Lorenzo Pieralisi May 19, 2014, 5:15 p.m. UTC | #8
On Mon, May 19, 2014 at 05:12:17PM +0100, Mark Brown wrote:

[...]

> > Do not bother, use three affinity levels and be done with that, we will
> > deal with aff3 (and aff2) when time comes.
> 
> This would leave the MPIDR support worse than DT which seems retrograde
> especially given that it's so simple to differentiate the clusters.  The
> only issue with that appears to be about precisely how to make up the
> cluster numbers which is a cosmetic one.

That's the reason why I said you should not bother.

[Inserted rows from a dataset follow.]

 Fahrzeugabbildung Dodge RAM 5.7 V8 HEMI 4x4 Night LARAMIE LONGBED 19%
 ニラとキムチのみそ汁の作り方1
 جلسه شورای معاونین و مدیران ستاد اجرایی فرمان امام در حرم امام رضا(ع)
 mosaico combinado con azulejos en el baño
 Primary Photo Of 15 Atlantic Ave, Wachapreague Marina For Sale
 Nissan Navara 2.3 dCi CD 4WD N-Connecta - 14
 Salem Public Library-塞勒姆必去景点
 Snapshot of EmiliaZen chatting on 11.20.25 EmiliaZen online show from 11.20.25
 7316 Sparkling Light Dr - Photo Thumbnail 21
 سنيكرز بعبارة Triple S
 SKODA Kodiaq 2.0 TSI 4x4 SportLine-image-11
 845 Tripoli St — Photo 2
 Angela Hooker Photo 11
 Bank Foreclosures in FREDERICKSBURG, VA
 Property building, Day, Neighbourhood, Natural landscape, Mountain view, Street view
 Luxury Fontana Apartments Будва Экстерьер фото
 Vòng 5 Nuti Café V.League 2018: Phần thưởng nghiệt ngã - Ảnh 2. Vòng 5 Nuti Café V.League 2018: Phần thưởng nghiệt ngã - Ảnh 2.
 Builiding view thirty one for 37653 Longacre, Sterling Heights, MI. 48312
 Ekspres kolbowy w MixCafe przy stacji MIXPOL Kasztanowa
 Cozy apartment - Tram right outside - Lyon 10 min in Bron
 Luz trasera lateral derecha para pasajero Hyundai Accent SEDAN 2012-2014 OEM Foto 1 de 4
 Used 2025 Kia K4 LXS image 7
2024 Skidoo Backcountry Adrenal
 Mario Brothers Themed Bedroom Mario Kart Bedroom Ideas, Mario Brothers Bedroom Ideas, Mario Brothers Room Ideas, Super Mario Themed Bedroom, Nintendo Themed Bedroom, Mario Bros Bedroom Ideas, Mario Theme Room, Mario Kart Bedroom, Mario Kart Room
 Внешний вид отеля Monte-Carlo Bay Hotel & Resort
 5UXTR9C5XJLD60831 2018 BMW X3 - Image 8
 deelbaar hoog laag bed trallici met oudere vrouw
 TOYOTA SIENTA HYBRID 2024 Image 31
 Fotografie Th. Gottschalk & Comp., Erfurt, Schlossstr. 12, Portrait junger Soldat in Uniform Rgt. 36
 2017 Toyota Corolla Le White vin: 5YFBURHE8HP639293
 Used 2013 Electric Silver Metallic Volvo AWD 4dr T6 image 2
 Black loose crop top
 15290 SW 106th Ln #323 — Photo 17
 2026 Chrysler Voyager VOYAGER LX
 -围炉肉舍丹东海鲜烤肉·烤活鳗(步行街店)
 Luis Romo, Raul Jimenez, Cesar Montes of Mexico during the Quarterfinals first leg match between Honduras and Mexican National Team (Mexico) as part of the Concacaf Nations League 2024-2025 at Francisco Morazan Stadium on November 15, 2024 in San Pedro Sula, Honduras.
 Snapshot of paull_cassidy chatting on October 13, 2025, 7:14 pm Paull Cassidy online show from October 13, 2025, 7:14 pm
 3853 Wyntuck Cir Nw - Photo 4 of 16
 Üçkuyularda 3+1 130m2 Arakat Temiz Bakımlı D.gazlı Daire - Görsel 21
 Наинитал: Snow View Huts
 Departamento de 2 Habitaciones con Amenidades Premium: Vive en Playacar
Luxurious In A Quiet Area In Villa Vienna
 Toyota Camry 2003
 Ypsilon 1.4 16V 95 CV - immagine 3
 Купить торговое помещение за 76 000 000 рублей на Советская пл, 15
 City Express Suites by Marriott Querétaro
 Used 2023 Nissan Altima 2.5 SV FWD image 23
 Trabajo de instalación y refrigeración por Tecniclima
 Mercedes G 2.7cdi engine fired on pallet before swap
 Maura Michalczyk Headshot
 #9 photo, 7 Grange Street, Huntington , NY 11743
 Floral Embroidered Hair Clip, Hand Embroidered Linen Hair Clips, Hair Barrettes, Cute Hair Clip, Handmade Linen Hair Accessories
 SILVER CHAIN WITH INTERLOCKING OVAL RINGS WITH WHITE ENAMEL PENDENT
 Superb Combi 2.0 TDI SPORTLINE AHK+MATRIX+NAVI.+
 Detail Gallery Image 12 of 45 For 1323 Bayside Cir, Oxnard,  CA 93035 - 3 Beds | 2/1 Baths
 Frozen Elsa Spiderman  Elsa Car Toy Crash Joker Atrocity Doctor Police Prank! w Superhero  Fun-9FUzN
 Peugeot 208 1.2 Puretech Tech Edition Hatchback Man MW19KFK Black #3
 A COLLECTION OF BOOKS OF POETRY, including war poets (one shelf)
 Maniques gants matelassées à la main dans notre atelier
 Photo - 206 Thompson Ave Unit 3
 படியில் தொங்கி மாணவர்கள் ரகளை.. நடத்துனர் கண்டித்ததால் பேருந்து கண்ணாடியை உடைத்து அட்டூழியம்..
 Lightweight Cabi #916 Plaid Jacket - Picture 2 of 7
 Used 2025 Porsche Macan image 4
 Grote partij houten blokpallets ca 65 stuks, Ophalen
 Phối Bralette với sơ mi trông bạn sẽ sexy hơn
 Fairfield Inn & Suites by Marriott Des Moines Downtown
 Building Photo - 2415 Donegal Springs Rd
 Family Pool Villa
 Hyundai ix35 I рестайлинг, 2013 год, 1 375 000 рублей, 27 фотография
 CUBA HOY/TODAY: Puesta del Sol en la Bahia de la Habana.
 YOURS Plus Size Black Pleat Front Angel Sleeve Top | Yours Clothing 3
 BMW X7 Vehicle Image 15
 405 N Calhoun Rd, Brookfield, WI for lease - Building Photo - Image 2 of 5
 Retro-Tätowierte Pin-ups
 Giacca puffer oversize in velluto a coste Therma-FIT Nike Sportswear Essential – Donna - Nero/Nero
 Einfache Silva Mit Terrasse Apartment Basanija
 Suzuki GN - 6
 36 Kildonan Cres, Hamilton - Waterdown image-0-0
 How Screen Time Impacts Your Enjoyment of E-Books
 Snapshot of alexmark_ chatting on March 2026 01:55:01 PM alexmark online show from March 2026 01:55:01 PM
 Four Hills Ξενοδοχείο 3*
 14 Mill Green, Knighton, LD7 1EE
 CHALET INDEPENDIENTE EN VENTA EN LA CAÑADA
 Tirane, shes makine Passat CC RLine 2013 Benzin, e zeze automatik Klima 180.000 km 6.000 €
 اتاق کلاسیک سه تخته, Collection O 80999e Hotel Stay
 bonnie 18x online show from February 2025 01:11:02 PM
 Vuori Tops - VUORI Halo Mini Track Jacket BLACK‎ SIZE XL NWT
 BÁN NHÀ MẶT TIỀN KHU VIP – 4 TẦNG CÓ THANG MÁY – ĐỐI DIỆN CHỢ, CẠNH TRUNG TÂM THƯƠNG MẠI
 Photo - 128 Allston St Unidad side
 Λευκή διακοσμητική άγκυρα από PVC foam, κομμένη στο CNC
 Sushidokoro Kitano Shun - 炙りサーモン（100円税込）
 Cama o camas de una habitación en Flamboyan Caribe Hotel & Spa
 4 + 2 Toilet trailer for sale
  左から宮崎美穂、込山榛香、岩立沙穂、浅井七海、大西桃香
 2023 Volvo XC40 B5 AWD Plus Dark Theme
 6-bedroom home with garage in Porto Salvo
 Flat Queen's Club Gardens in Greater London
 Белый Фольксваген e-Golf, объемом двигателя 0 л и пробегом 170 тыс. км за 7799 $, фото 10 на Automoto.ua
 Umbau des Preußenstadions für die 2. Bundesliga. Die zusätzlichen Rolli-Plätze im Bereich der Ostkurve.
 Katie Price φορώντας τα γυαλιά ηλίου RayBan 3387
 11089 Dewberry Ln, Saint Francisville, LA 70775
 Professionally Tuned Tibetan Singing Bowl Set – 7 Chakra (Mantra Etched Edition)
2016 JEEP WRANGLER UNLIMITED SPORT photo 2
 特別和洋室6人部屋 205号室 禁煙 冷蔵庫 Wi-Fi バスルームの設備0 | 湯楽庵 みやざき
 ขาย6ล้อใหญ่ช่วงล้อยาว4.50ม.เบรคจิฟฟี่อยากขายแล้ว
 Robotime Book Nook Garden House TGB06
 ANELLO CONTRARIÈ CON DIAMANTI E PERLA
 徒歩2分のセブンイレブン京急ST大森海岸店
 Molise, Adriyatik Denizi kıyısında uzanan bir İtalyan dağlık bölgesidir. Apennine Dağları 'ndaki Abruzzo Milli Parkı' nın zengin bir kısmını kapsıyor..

If you want to use
4 affinity levels, I do not see the point in using the hash for that though,
since all we need is a unique id which can be easily created without
resorting to hashing.

Hashing compresses the cluster index, but that index is not representative
of HW anyway. If you go for simple shifting we might end up with huge cluster
ids, which is fine but a bit weird.

So either (1) you use three affinity levels or (2) the simplest way to combine
the affinity levels.

I personally do not like squashing affinity levels, but I can live with
that as long as we are done with this, functionality is ready and it is
time we get that in.

Thanks,
Lorenzo
Mark Brown May 19, 2014, 6:39 p.m. UTC | #9
On Mon, May 19, 2014 at 06:15:11PM +0100, Lorenzo Pieralisi wrote:
> On Mon, May 19, 2014 at 05:12:17PM +0100, Mark Brown wrote:

> > This would leave the MPIDR support worse than DT which seems retrograde
> > especially given that it's so simple to differentiate the clusters.  The
> > only issue with that appears to be about precisely how to make up the
> > cluster numbers which is a cosmetic one.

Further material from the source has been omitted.